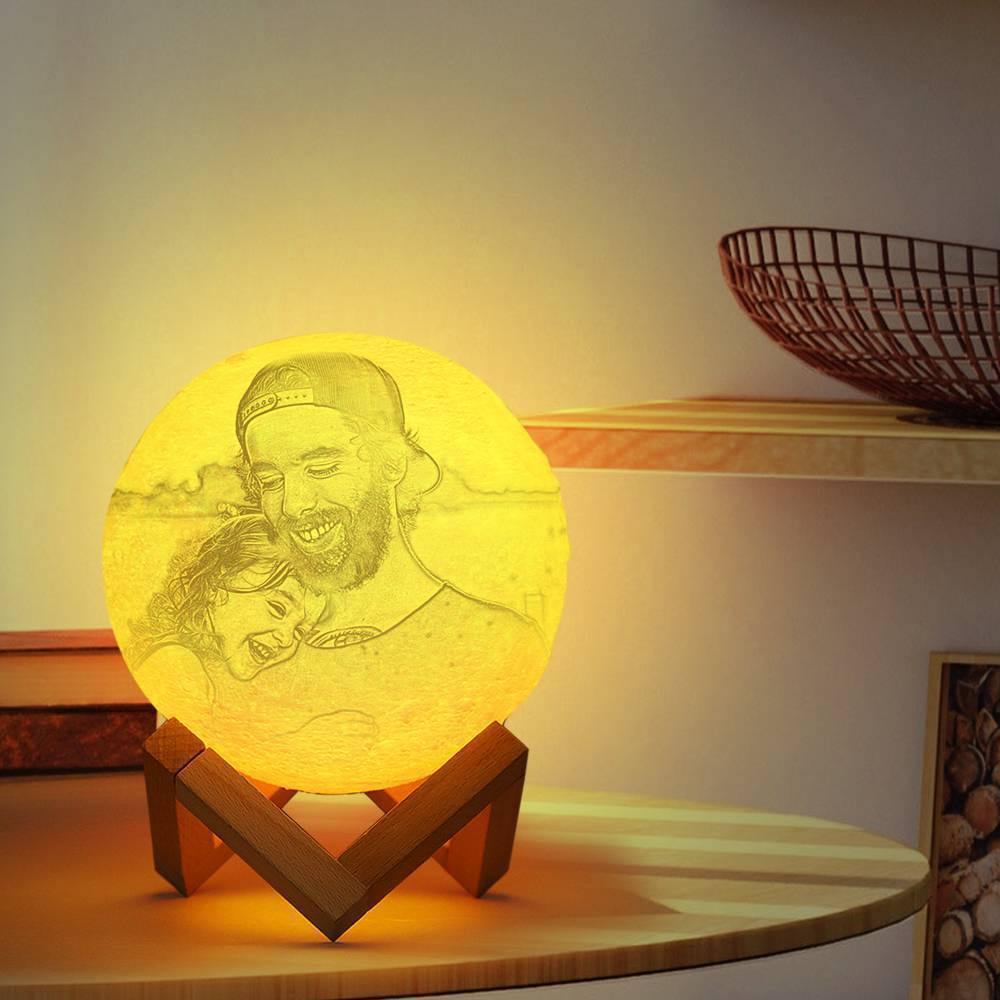 Photo Moon Lamp, Custom 3D Photo Light, Lamp Moon - Touch Two Colors15cm-20cm Available - soufeelus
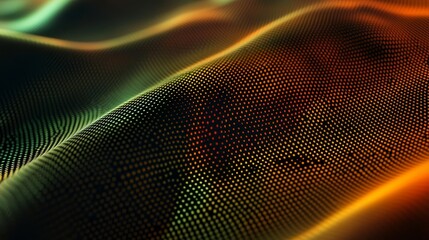 Aufkleber - Glowing abstract wave of data points. Digital technology, AI, and big data concept.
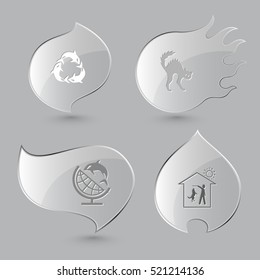 4 images: killer whale as recycling symbol, cat, globe and shamoo, home dog. Animal set. Glass buttons on gray background. Fire theme. Vector icons.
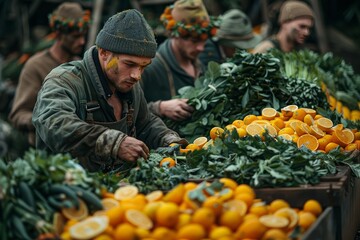 A man is cutting oranges in a market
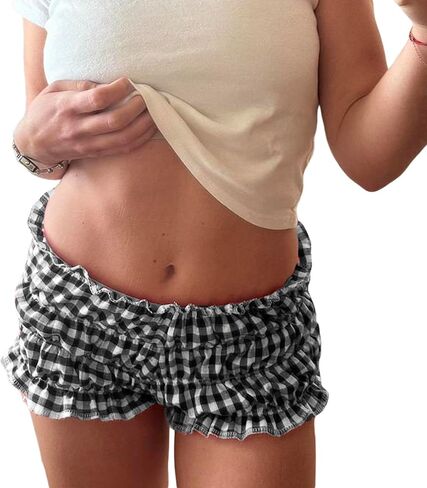 Women Y2k Gingham Boy Shorts Bloomers Cute Smocked Plaid Pajama Shorts Shirred Frilly Micro Shorts Pettipants in Saudi Arabia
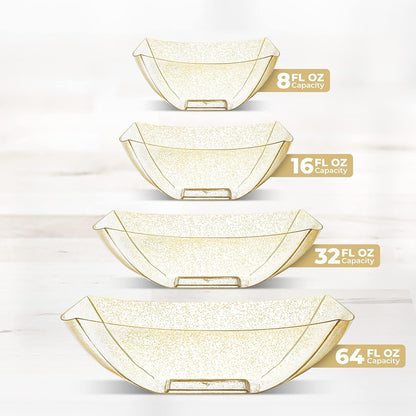 Posh Setting - Clear Plastic Serving Bowls for Party (8oz - 4 Pack) Square, Disposable, Salad & Fruit Bowls for Party Table, Candy Containers for Candy Buffet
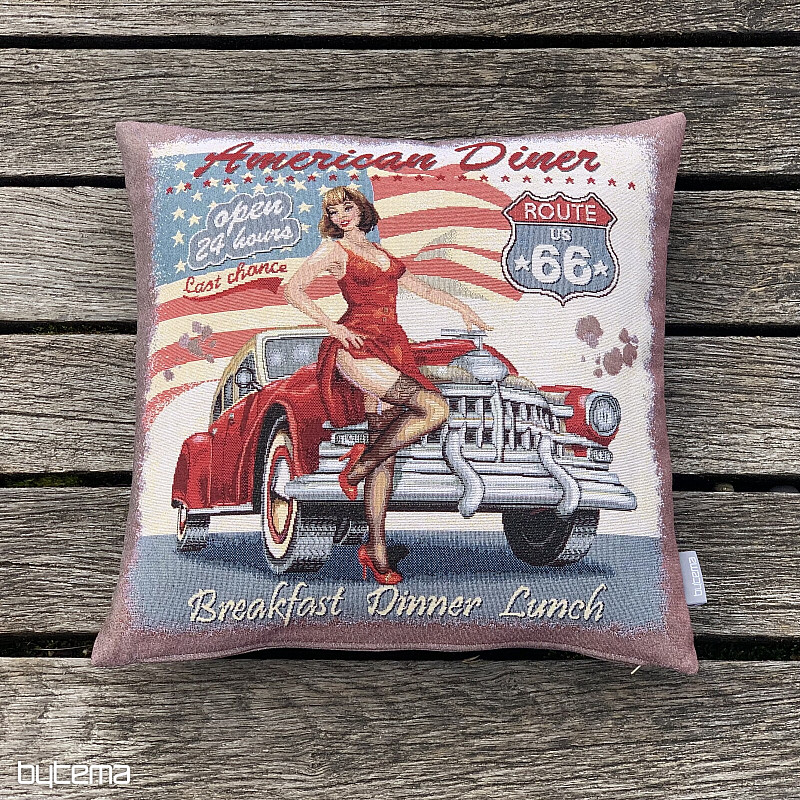 Housse de coussin tapisserie AMERICAN DINER ROUTE 66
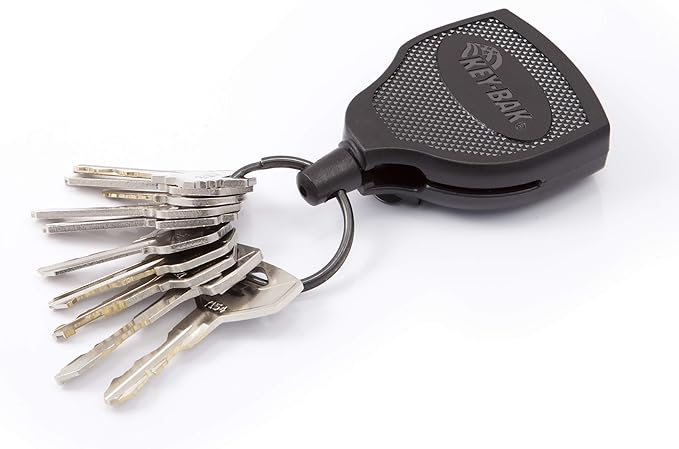 KEY-BAK SUPER48 Locking Retractable Keychain, Durable Polycarbonate Case, Leather Belt Loop, and Oversized Split Ring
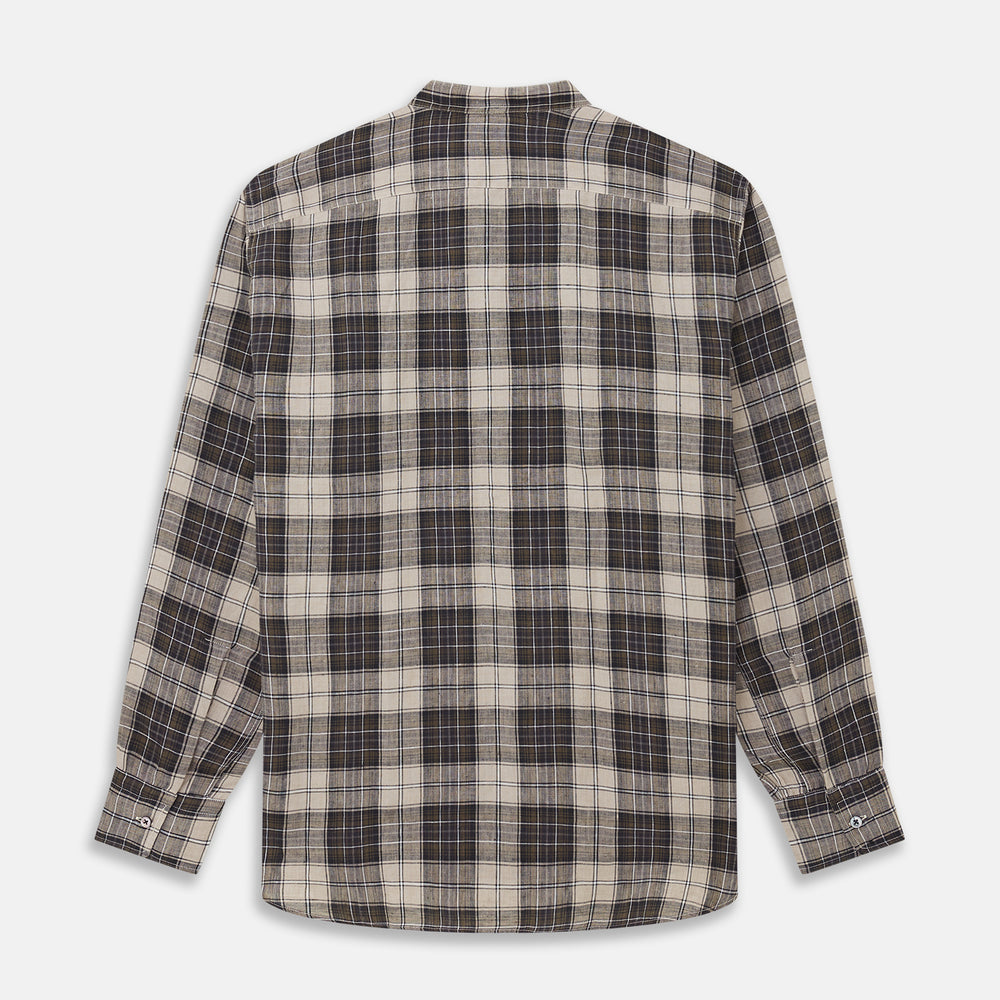 The Brown Multi Check Linen Weekend Fit Unwin Shirt by Turnbull & Asser features a beige, brown, and black plaid pattern, stand collar, button-up front, long sleeves, and two buttoned chest pockets.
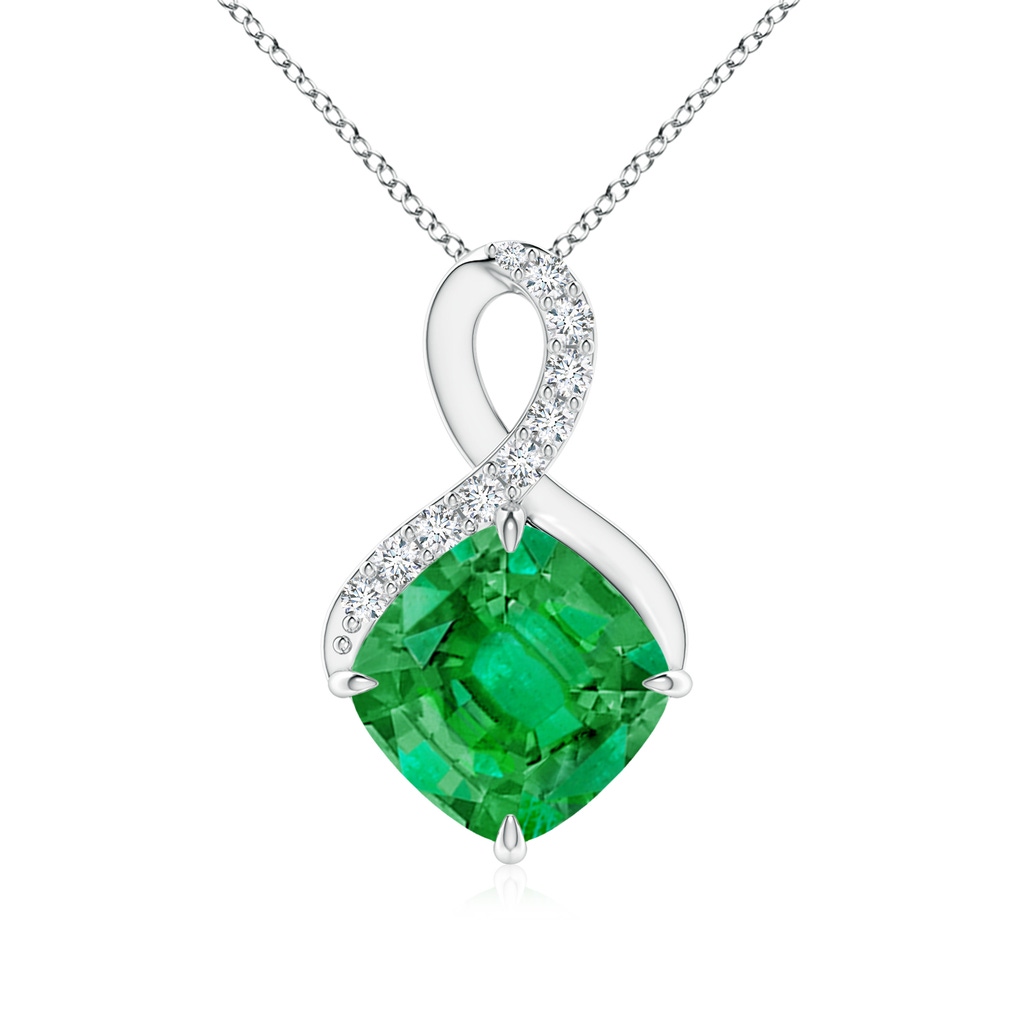 8mm AAA Claw-Set Emerald Infinity Pendant with Diamonds in White Gold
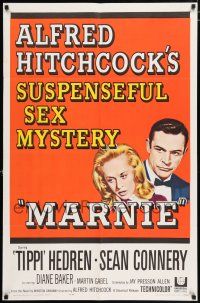 3t172 MARNIE 1sh '64 Sean Connery & Tippi Hedren in Hitchcock's suspenseful sex mystery!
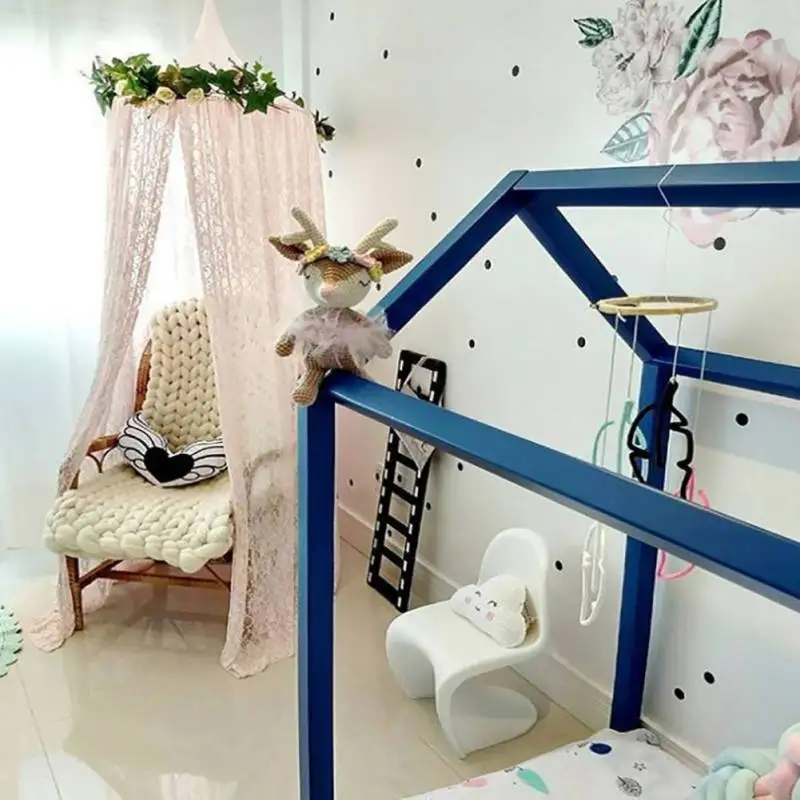 Подвесной кружевной навес для детской комнаты в скандинавском стиле, купольная подвесная москитная сетка для детской комнаты для девочек, сказочное украшение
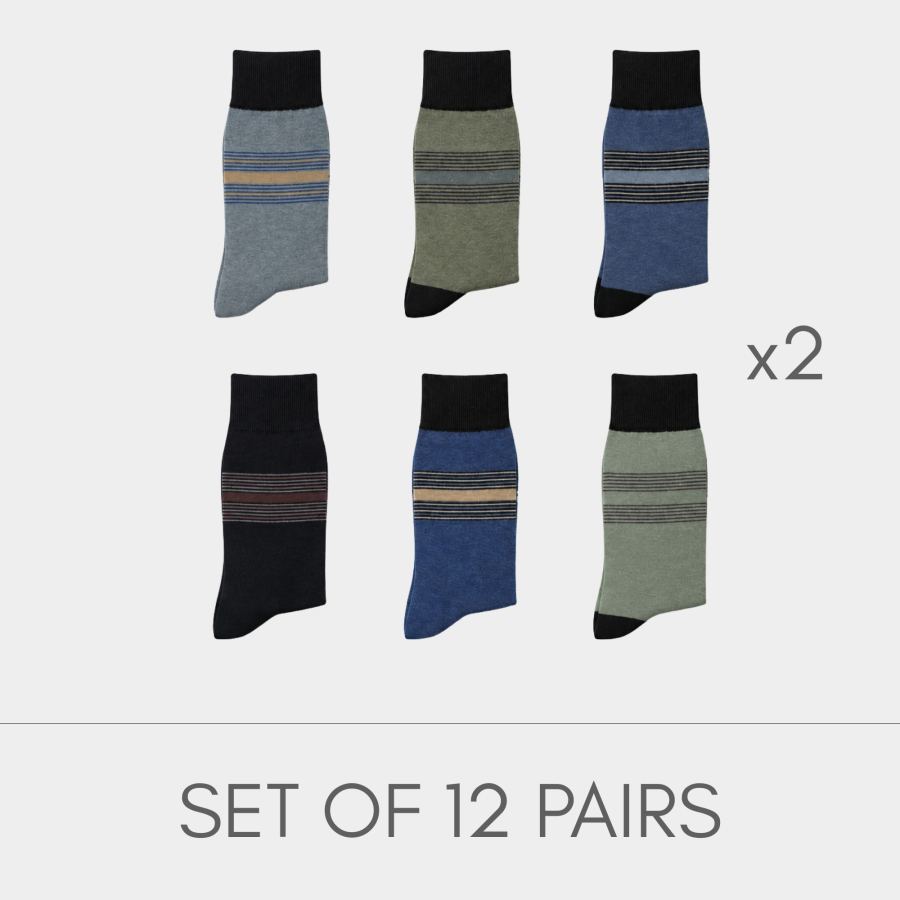 Legacy Striped Crew Socks - 12 Pairs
------------------------------------
→ **PROBLEM DETAILS**
Skip the pictures, please, and transcribe only the lines from the beginning of the material through the one that contains "3t172 MARNIE 1sh".

→ **ANSWER TO THE PROBLEM**
 Photo Moon Lamp, Custom 3D Photo Light, Lamp Moon - Touch Two Colors15cm-20cm Available - soufeelus
 Aufkleber - Glowing abstract wave of data points. Digital technology, AI, and big data concept.
 4 images: killer whale as recycling symbol, cat, globe and shamoo, home dog. Animal set. Glass buttons on gray background. Fire theme. Vector icons.
 A man is cutting oranges in a market
 Women Y2k Gingham Boy Shorts Bloomers Cute Smocked Plaid Pajama Shorts Shirred Frilly Micro Shorts Pettipants in Saudi Arabia
 Posh Setting - Clear Plastic Serving Bowls for Party (8oz - 4 Pack) Square, Disposable, Salad & Fruit Bowls for Party Table, Candy Containers for Candy Buffet
 Housse de coussin tapisserie AMERICAN DINER ROUTE 66
 KEY-BAK SUPER48 Locking Retractable Keychain, Durable Polycarbonate Case, Leather Belt Loop, and Oversized Split Ring
 The Brown Multi Check Linen Weekend Fit Unwin Shirt by Turnbull & Asser features a beige, brown, and black plaid pattern, stand collar, button-up front, long sleeves, and two buttoned chest pockets.
 8mm AAA Claw-Set Emerald Infinity Pendant with Diamonds in White Gold
 3t172 MARNIE 1sh '64 Sean Connery & Tippi Hedren in Hitchcock's suspenseful sex mystery!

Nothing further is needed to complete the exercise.